* **Data shown**:
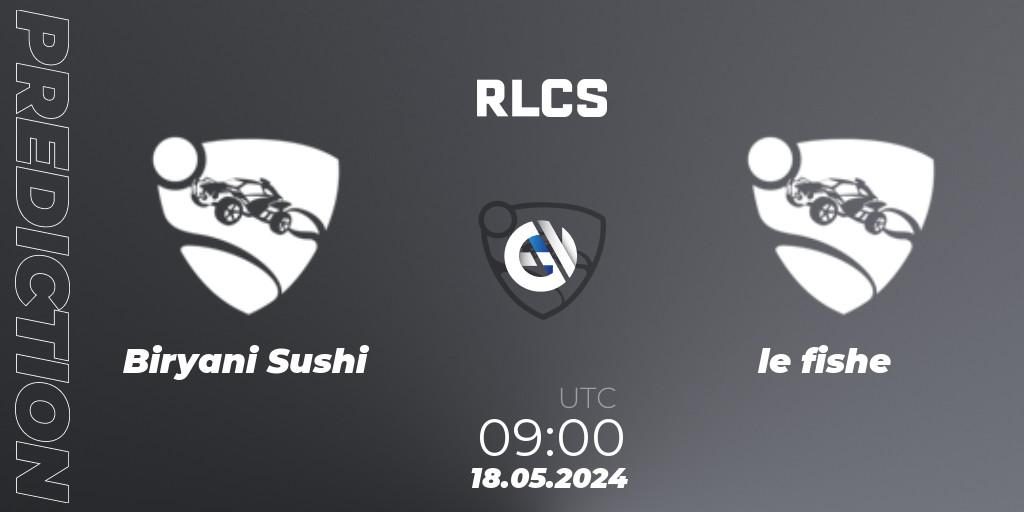 Prognose für das Spiel Biryani Sushi VS le fishe. 18.05.2024 at 09:00. Rocket League - RLCS 2024 - Major 2: APAC Open Qualifier 5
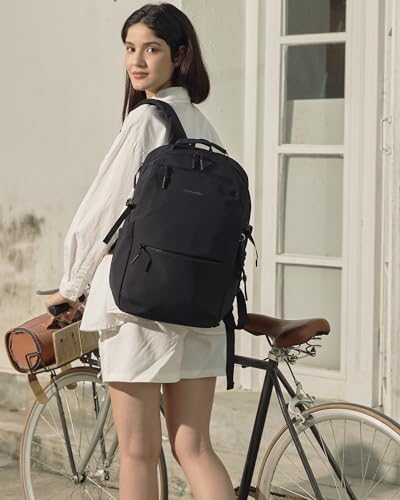 LOVEVOOK Laptop Backpack for Women Men with Giant Tumbler Holder - 15.6Inch Work Computer Travel Backpack with Laptop Compartment, Water Resistant, Cute Commuter College Teacher Nurse Purse Bag,Black - 2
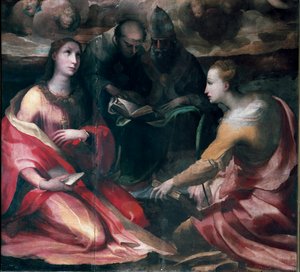 Kristus kruunaa Neitsyt Marian ja neljä pyhää, yksityiskohdat: Pyhä Maria Magdaleena, Pyhä Antonius Padovalainen (san antonio di padova), paavi Pyhä Gregoire I eli Suuri ja Pyhä Katariina Aleksandrialainen. Domenico Beccafumin (1486-1551) maalaus tekijältä Domenico Beccafumi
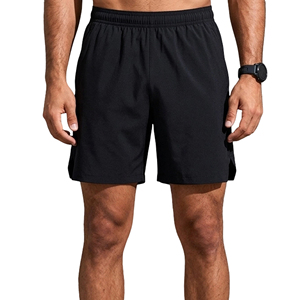 Pantalones cortos deportivos para hombre, de secado rápido, tela de alta elasticidad, cintura elástica, cordón interno, aberturas laterales para gimnasio, fitness, jogging - Product Image 1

* **Exercise requirements**:
What is needed is an exact reproduction of the data, pictures excluded.

* **Output of the task**:
 Prognose für das Spiel Biryani Sushi VS le fishe. 18.05.2024 at 09:00. Rocket League - RLCS 2024 - Major 2: APAC Open Qualifier 5
 LOVEVOOK Laptop Backpack for Women Men with Giant Tumbler Holder - 15.6Inch Work Computer Travel Backpack with Laptop Compartment, Water Resistant, Cute Commuter College Teacher Nurse Purse Bag,Black - 2
 Kristus kruunaa Neitsyt Marian ja neljä pyhää, yksityiskohdat: Pyhä Maria Magdaleena, Pyhä Antonius Padovalainen (san antonio di padova), paavi Pyhä Gregoire I eli Suuri ja Pyhä Katariina Aleksandrialainen. Domenico Beccafumin (1486-1551) maalaus tekijältä Domenico Beccafumi
 Pantalones cortos deportivos para hombre, de secado rápido, tela de alta elasticidad, cintura elástica, cordón interno, aberturas laterales para gimnasio, fitness, jogging - Product Image 1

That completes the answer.